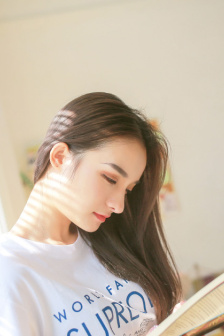 巴霍巴利王(下)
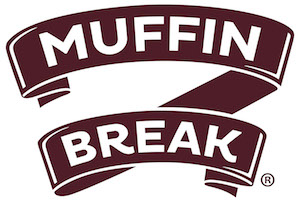 Muffin Break Logo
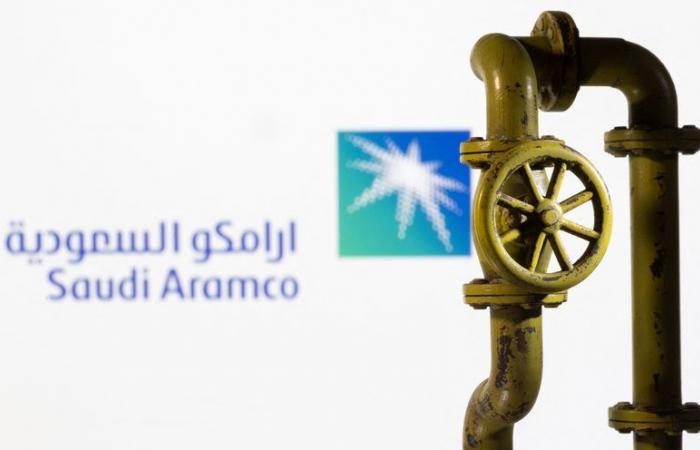 Il Vietnam annuncia che Saudi Aramco vuole investire nella raffinazione del petrolio e nella distribuzione della benzina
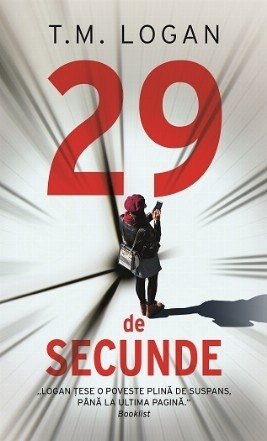 29 de secunde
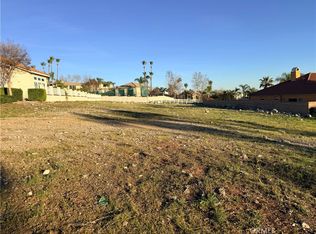 5034 Bramble Ct #4, Rancho Cucamonga, CA 91737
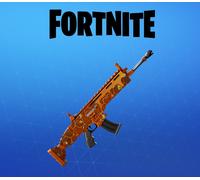 Fortnite - Bees-y Does It Wrap DLC PC Epic Games CD Key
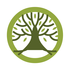 The Olive Tree Pinoso logo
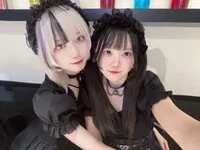 投稿：2025-12-13 19:01:07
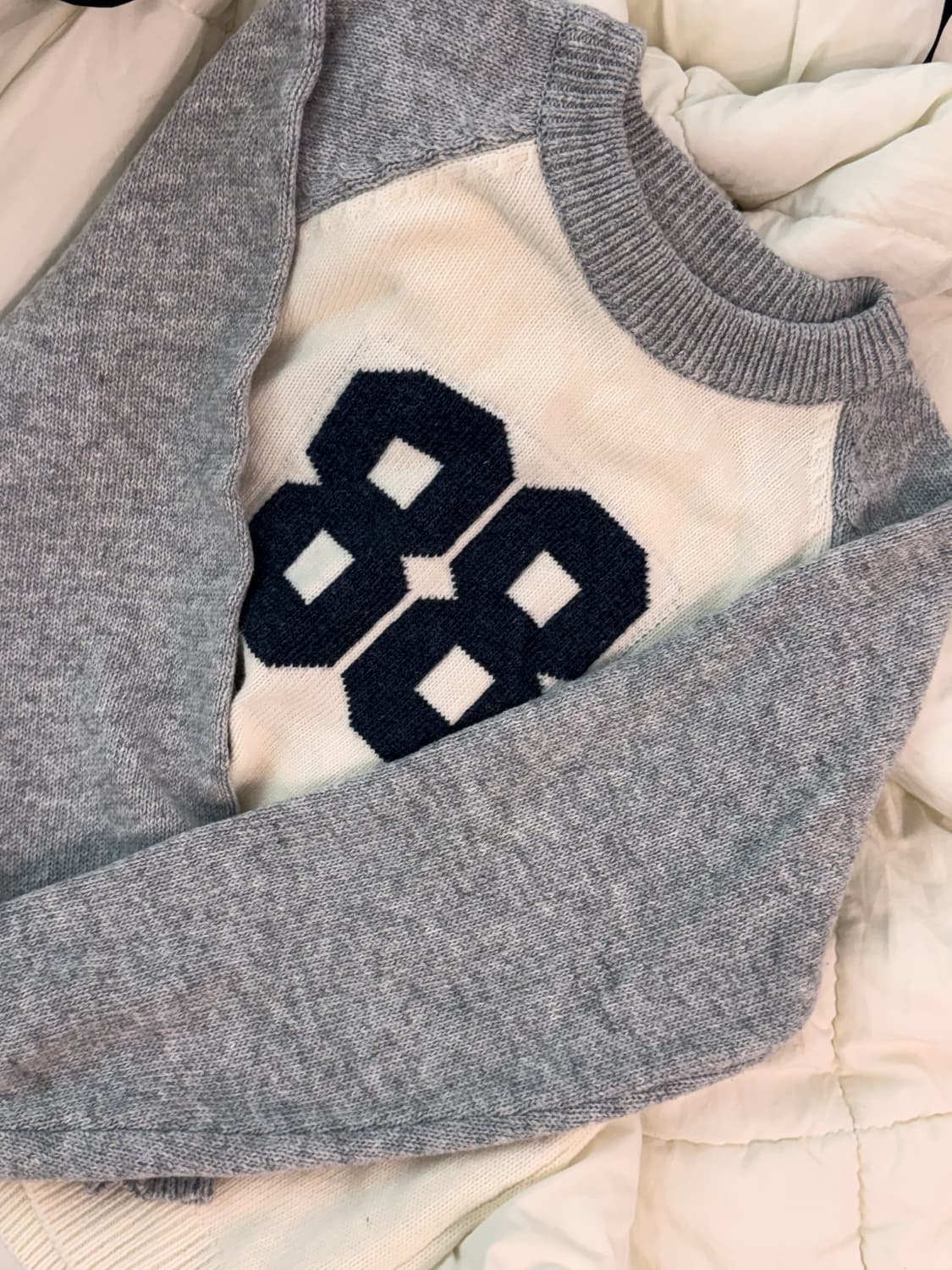 니트 상품이미지1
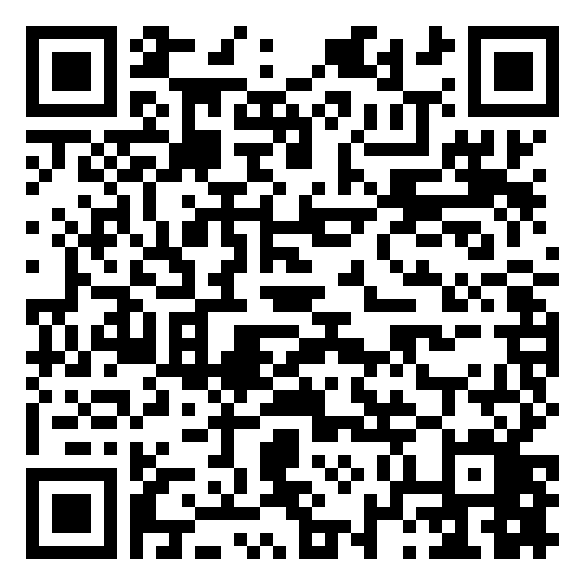 QR code 63451838700000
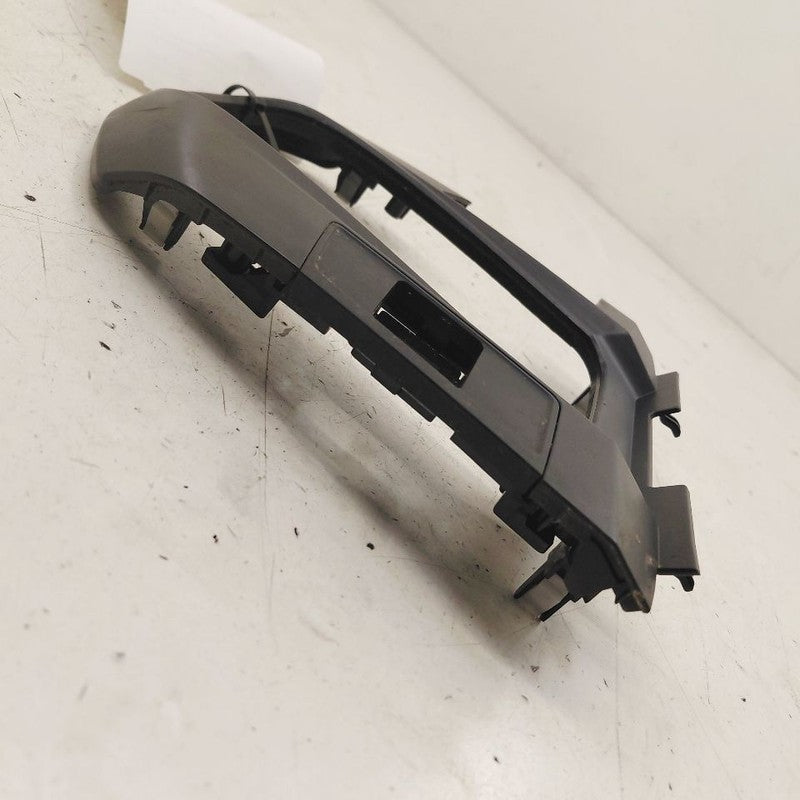 Honda CR-V Shifter Bezel Trim Shift Console Surround Trim  2017 2018 2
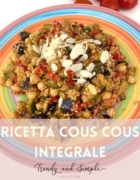 Come organizzare una festa di compleanno per bambini in casa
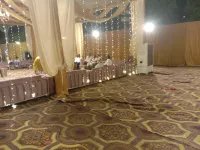 Rahi Pathik Niwas, Kushinagar Hotels in Anrudhwa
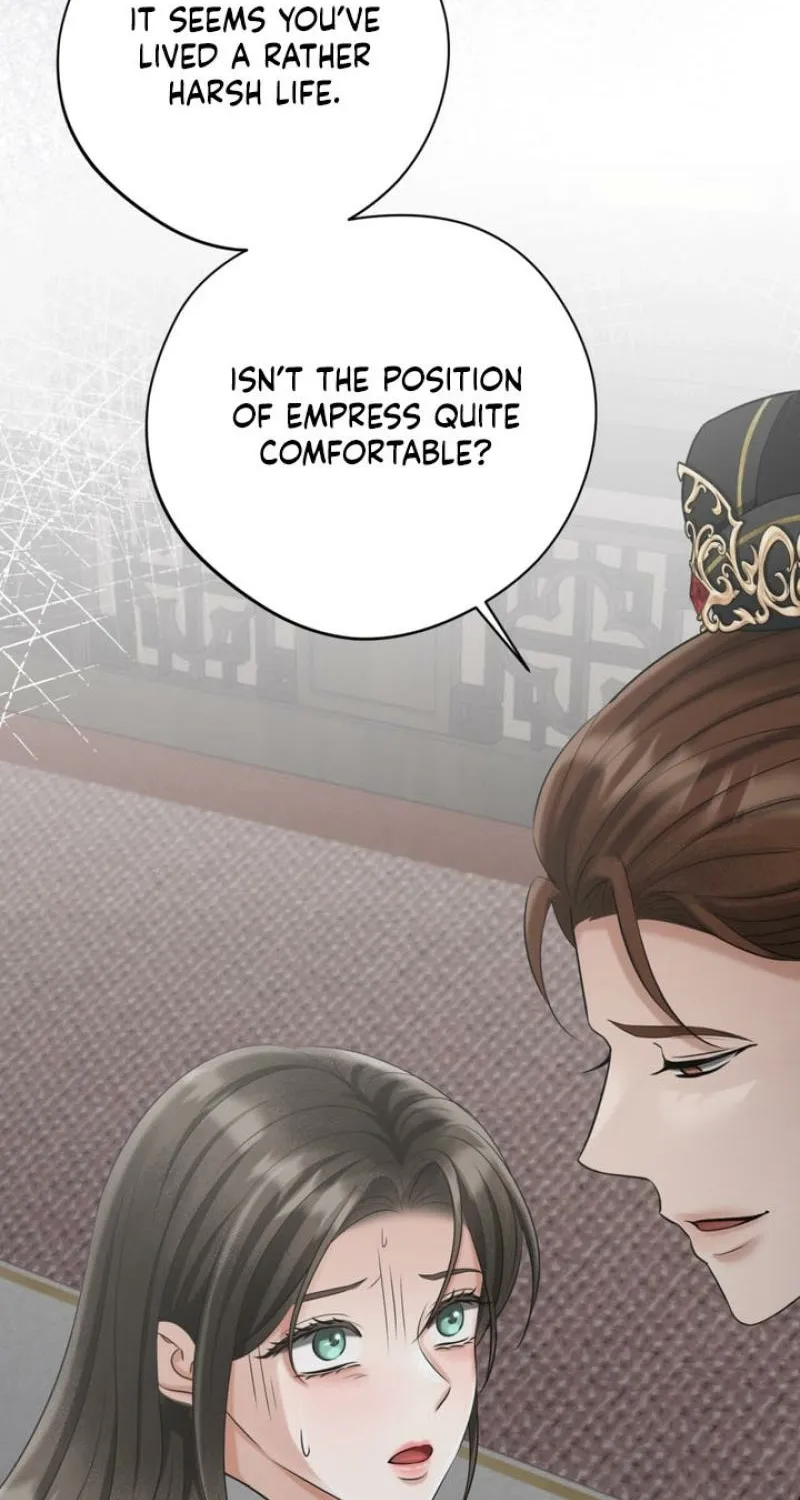 Read Forbidden Glances chapter 2 image 87 on Lezhin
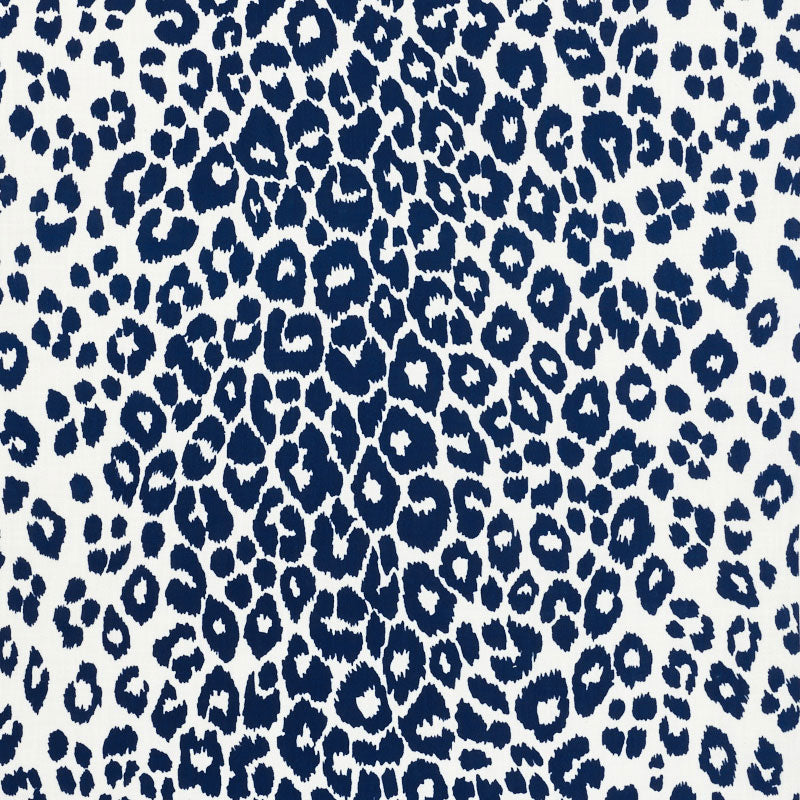 ICONIC-LEOPARD-INDOOR-OUTDOOR-NAVY-SCHUMACHER-177323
---*---
Write the lines out again exactly, beginning at the one containing "5034 Bramble Ct" and ending with the last line of the entries, but without any pictures.

Written answer:
 5034 Bramble Ct #4, Rancho Cucamonga, CA 91737
 Fortnite - Bees-y Does It Wrap DLC PC Epic Games CD Key
 The Olive Tree Pinoso logo
 投稿：2025-12-13 19:01:07
 니트 상품이미지1
 QR code 63451838700000
 Honda CR-V Shifter Bezel Trim Shift Console Surround Trim  2017 2018 2
 Come organizzare una festa di compleanno per bambini in casa
 Rahi Pathik Niwas, Kushinagar Hotels in Anrudhwa
 Read Forbidden Glances chapter 2 image 87 on Lezhin
 ICONIC-LEOPARD-INDOOR-OUTDOOR-NAVY-SCHUMACHER-177323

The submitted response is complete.